**WHAT YOU SHOULD DO**
Each line of the material must be reproduced exactly; pictures stay out.

**DATASET EXCERPT**
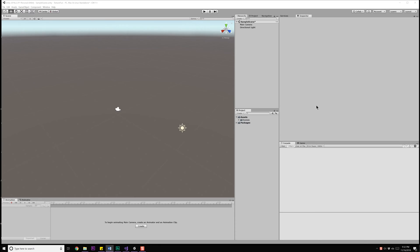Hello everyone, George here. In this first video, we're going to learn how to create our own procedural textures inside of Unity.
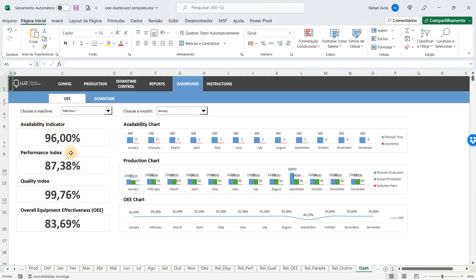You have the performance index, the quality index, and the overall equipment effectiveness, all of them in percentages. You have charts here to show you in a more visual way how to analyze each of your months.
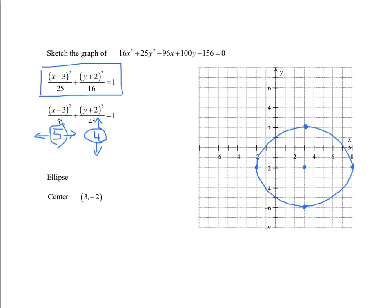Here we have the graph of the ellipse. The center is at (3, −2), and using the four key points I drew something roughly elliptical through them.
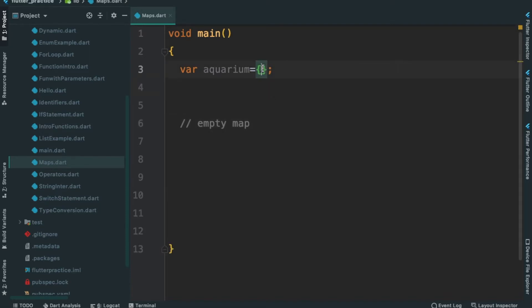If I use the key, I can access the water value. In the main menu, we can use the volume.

**TASK OUTPUT**
Hello everyone, George here. In this first video, we're going to learn how to create our own procedural textures inside of Unity.
You have the performance index, the quality index, and the overall equipment effectiveness, all of them in percentages. You have charts here to show you in a more visual way how to analyze each of your months.
Here we have the graph of the ellipse. The center is at (3, −2), and using the four key points I drew something roughly elliptical through them.
If I use the key, I can access the water value. In the main menu, we can use the volume.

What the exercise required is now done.